# [WORK REQUIRED]
Nothing but the lines below from the one containing "谁知道墨西哥电视剧'爱在酒乡'58集至80集的剧情介绍?" through the one containing "Profile Picture of" should appear in the answer, exact and without pictures.

# [MATERIAL FOR THIS TASK]
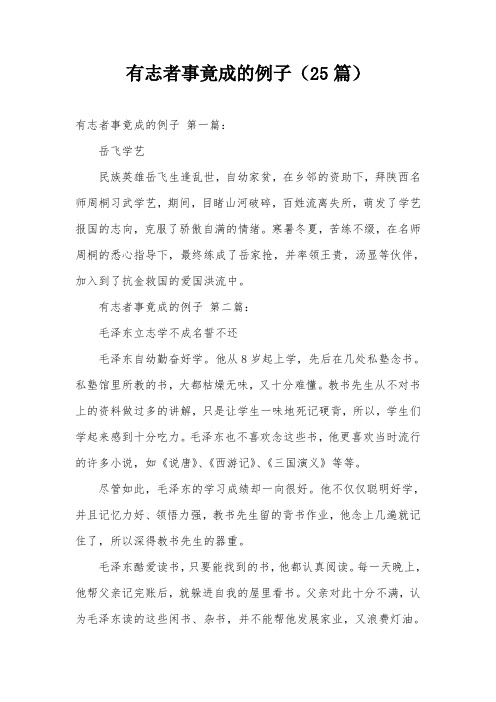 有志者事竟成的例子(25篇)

==

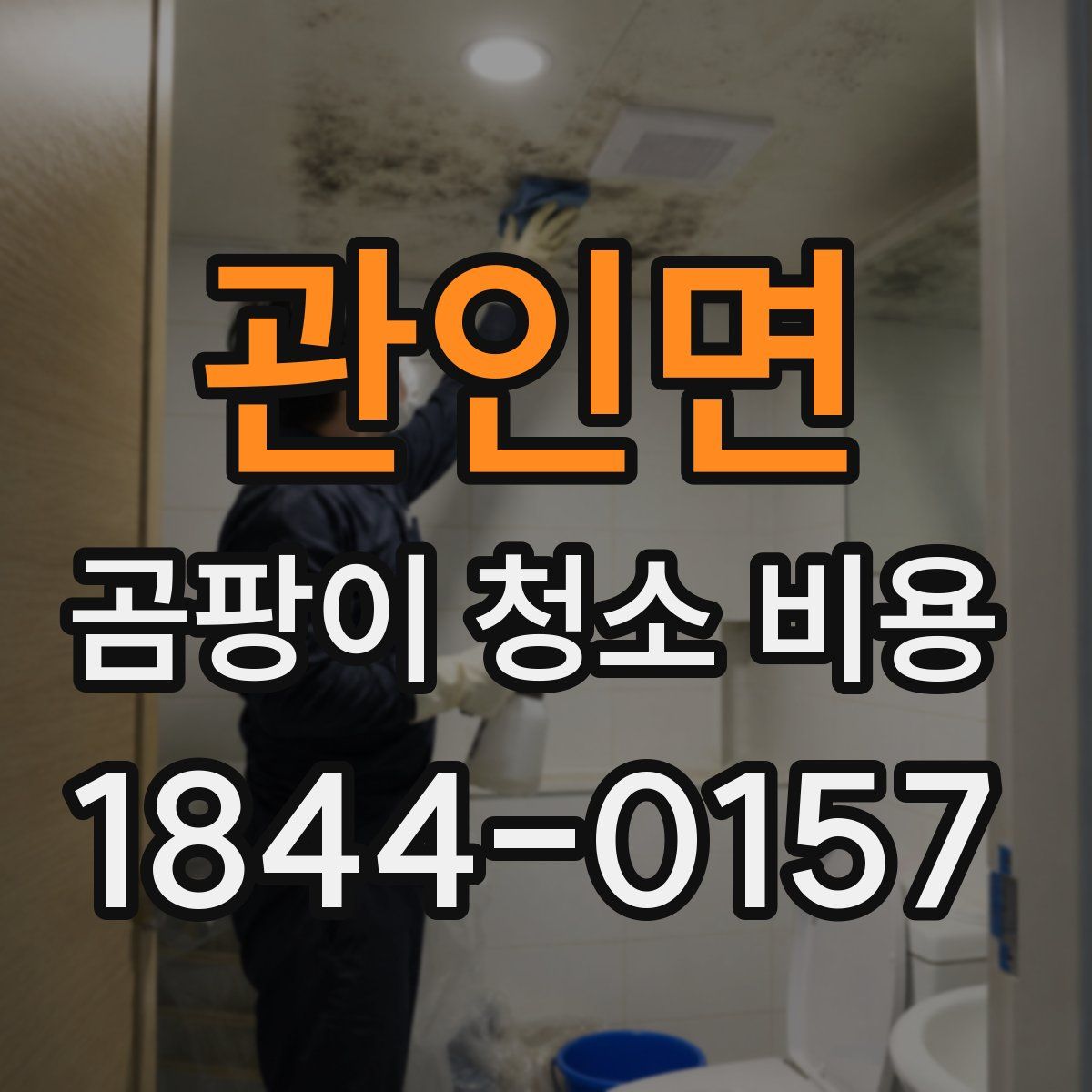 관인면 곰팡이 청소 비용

--

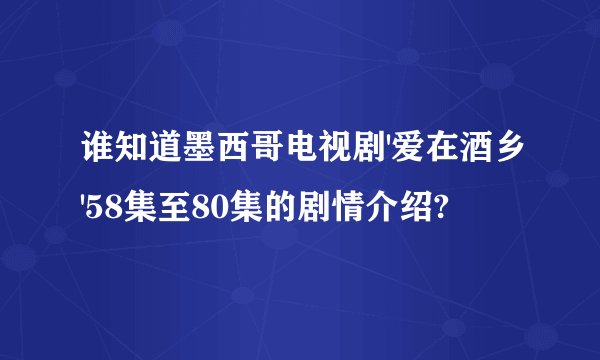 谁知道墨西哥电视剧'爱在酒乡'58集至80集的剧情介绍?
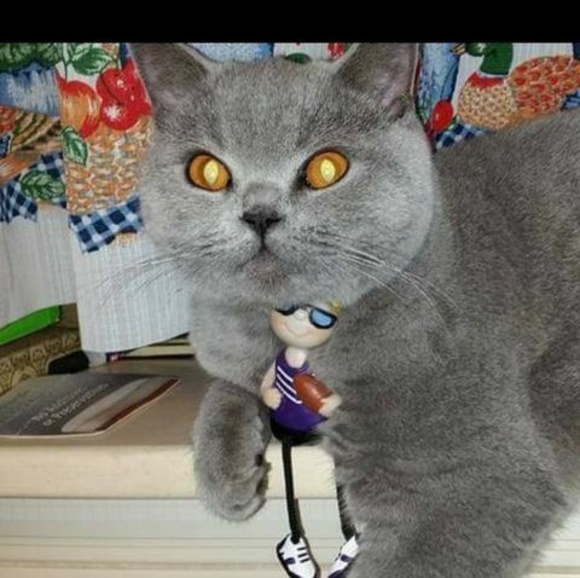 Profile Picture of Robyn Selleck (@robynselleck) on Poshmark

# [EXERCISE RESULT]
 谁知道墨西哥电视剧'爱在酒乡'58集至80集的剧情介绍?
 Profile Picture of Robyn Selleck (@robynselleck) on Poshmark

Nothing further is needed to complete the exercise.